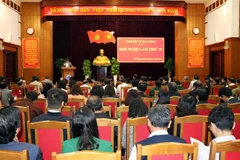 Thời gian qua, nhiều cán bộ ở các địa phương do không đủ tuổi tái cử đã xin nghỉ hưu trước tuổi và hưởng chính sách hỗ trợ theo quy định. (Ảnh minh họa: Nguyễn Sơn/TTXVN)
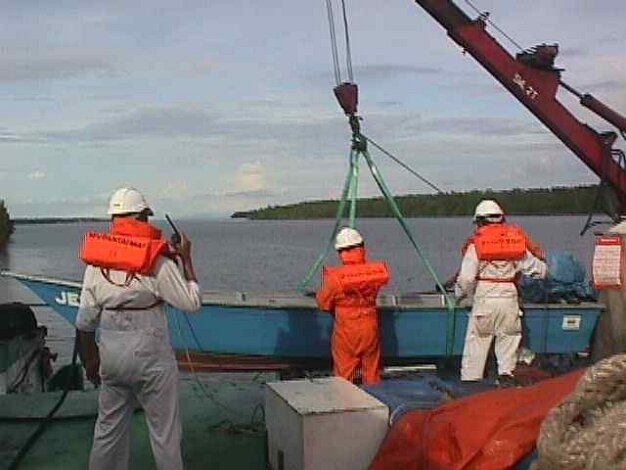 MOB drill Pantai Mas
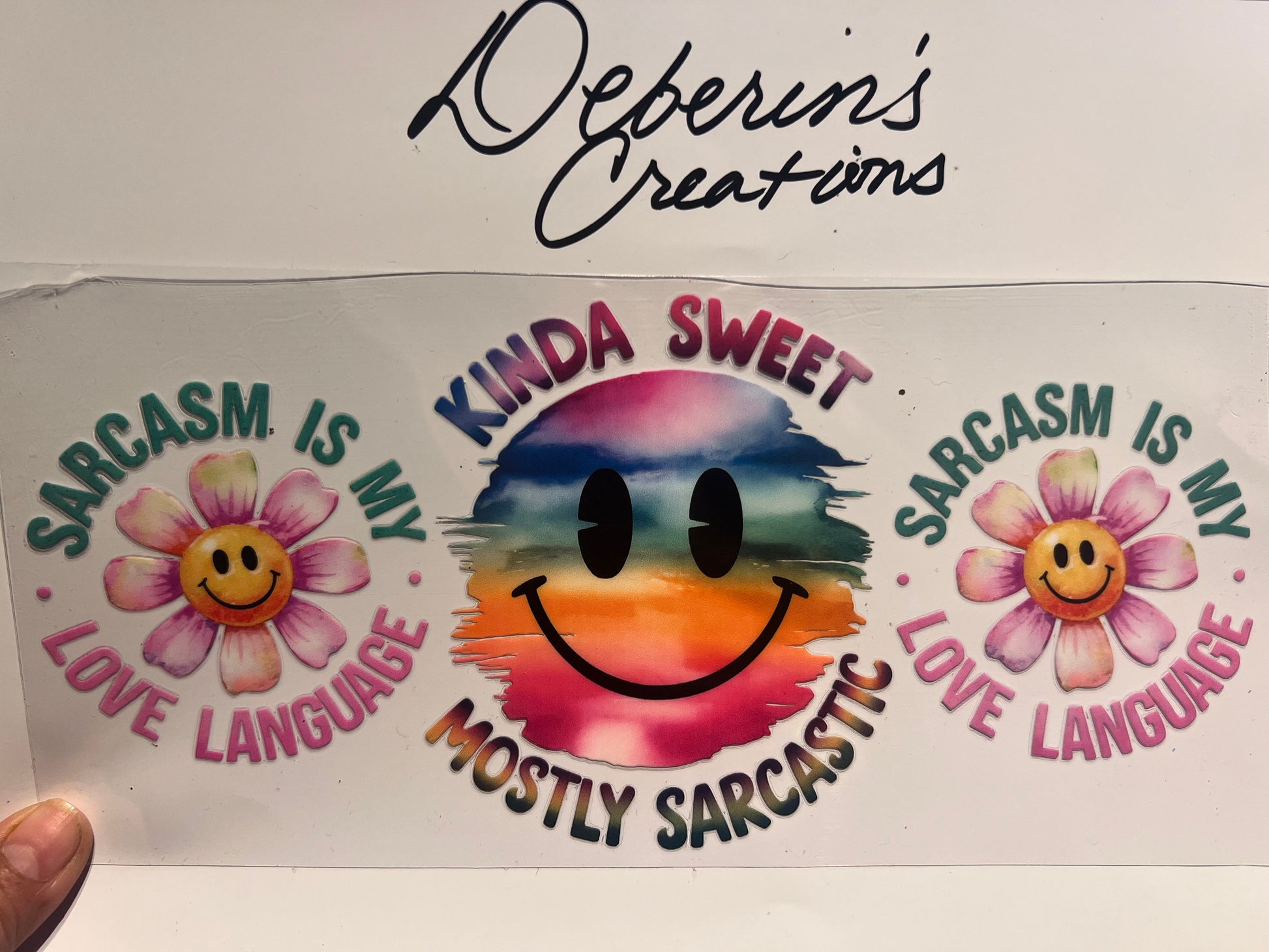 Sarcasm - Kinda sweet mostly sarcastic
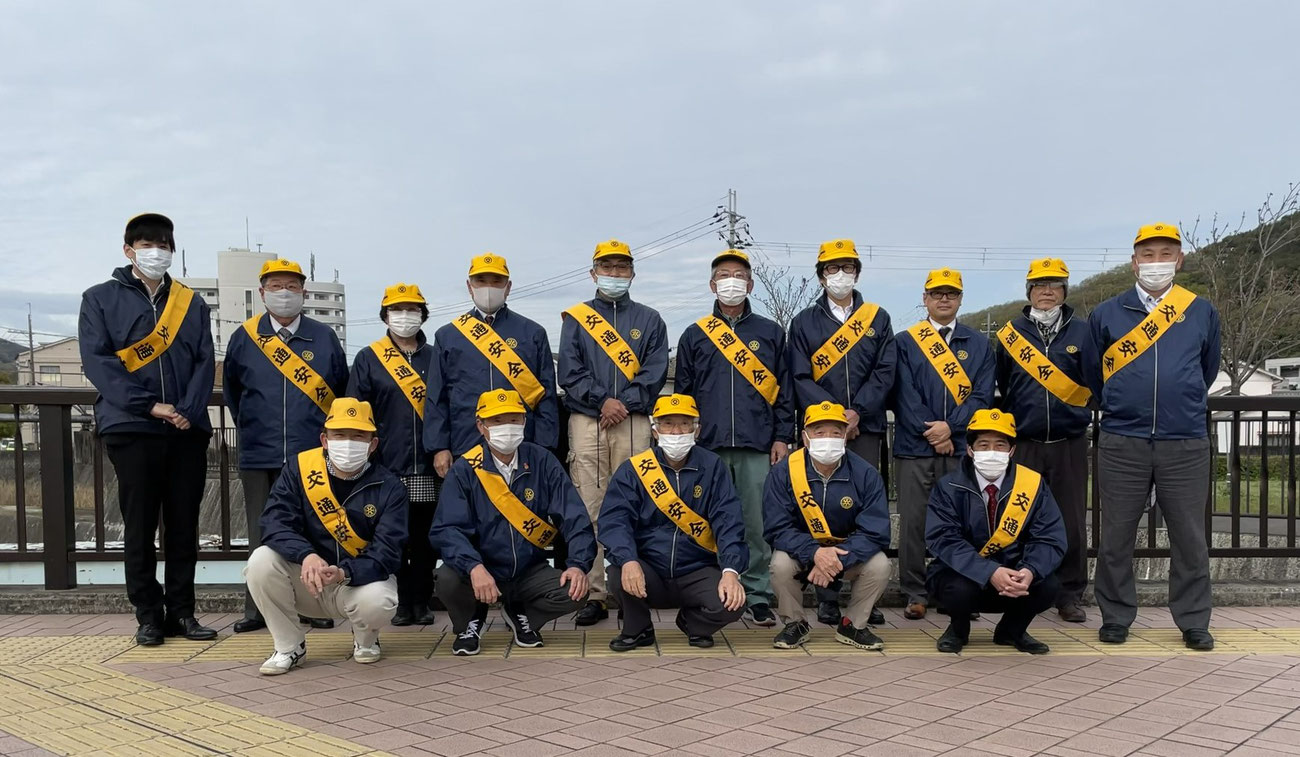 春の交通安全運動に参加しました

**EXERCISE PROMPT**
When you reach the line containing "Sarcasm - Kinda sweet mostly sarcastic" in the listing above, reproduce it and every line after it through the last, exactly; omit the pictures.

**RESULT OF THE EXERCISE**
 Sarcasm - Kinda sweet mostly sarcastic
 春の交通安全運動に参加しました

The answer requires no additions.